I have actually worked with both Tom Schwartz (Tinman) and now a Norwegian coach, Arild Tvetiten.
Tom would do a lot of work at 10k pace or what he calls Critical Velocity. Ex: 8 x 800, 6 x 1600 . Rarely would we do any work over that intensity- except short hard 10 x 60" hills best effort followed by 1200m reps at Critical Velocity or 150m at the end of a workout. All of these would be with shorter rest (2' or so say we did miles at CV). Tom believed (and I am not quoting him, this is what I took away) that the body did not break down more by doing CV than it did at Threshold, so the adaptations came from being able to do a bunch of time at CV and not breaking down too much. Tom is not a big believer in high mileage though.

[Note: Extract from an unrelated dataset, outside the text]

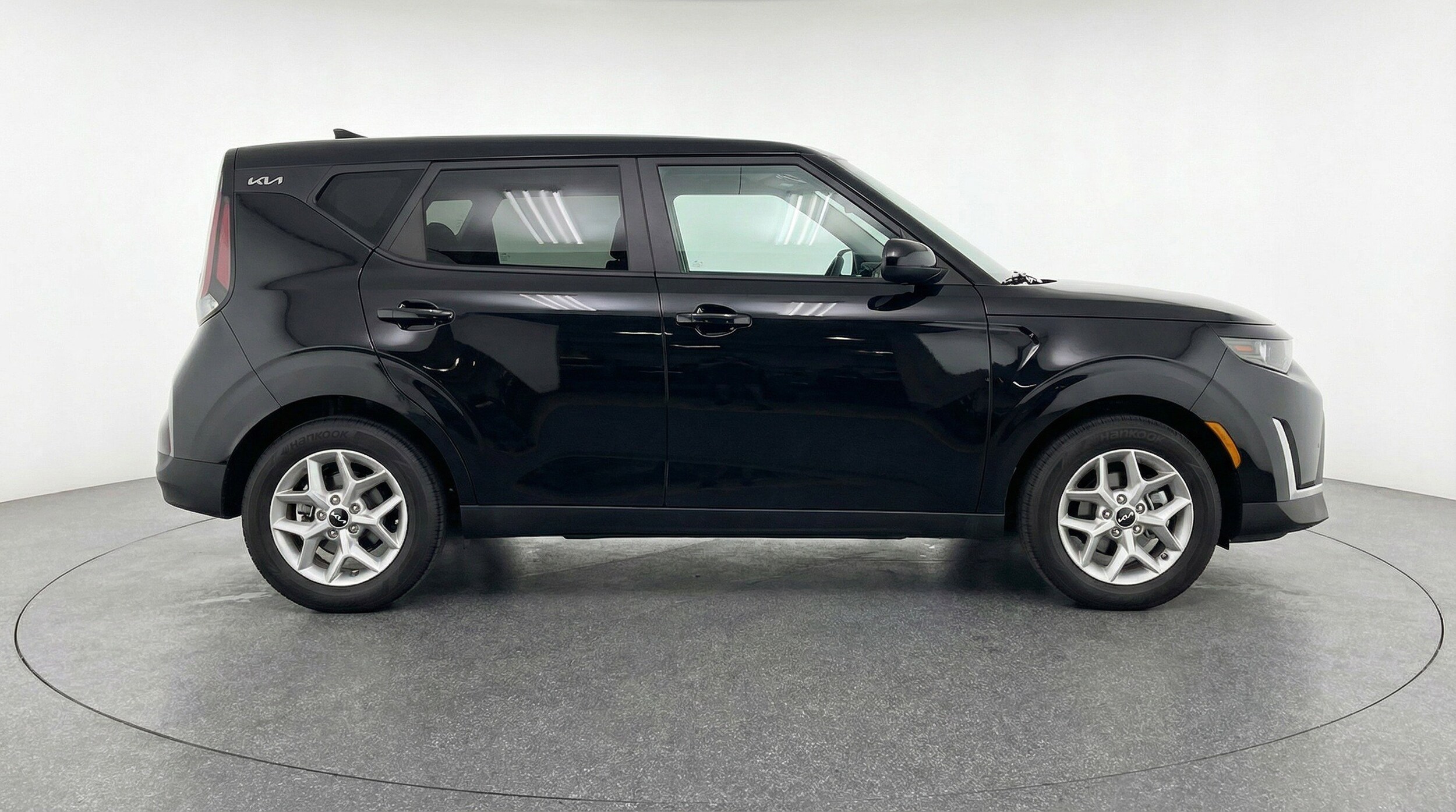 Thumbnail: 2025 Kia Soul - 11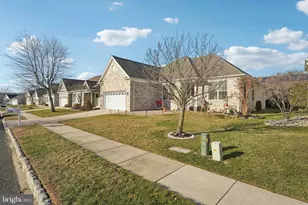 11 Kristian Dr, Sicklerville, NJ 08081 - Photo 4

With Arild, we do everything between 2.5-3.2mmol, unless we are in a race specific phase about 2 weeks out and just doing race pace work. He believes it is important to do as much volume at LT2 a week so that the body can get strong while also learning to use fat instead of glycogen for fuel when running very very slightly under "threshold" pace. The lactate is simply a measurement of the byproduct of glucose utilization by the muscle cells. As a marathoner, I am doing about 40km of work at LT2 (3:20/km) a week, 16km of work at LT1 (3:50/km), and then 100k of easy running at around 5:00/km at altitude. Basically, the athlete is able to do this amount of volume a week at intensity because they are able to recover easily and there is minimal muscle tissue breakdown. High volume, controlled intensity, and 4-5 sessions a week
I think both methods work. The norwegian approach (IMO) doesnt work unless you can hit high volume... if you cannot sustain high volume + consistency then I would think Tom's approach is the better one.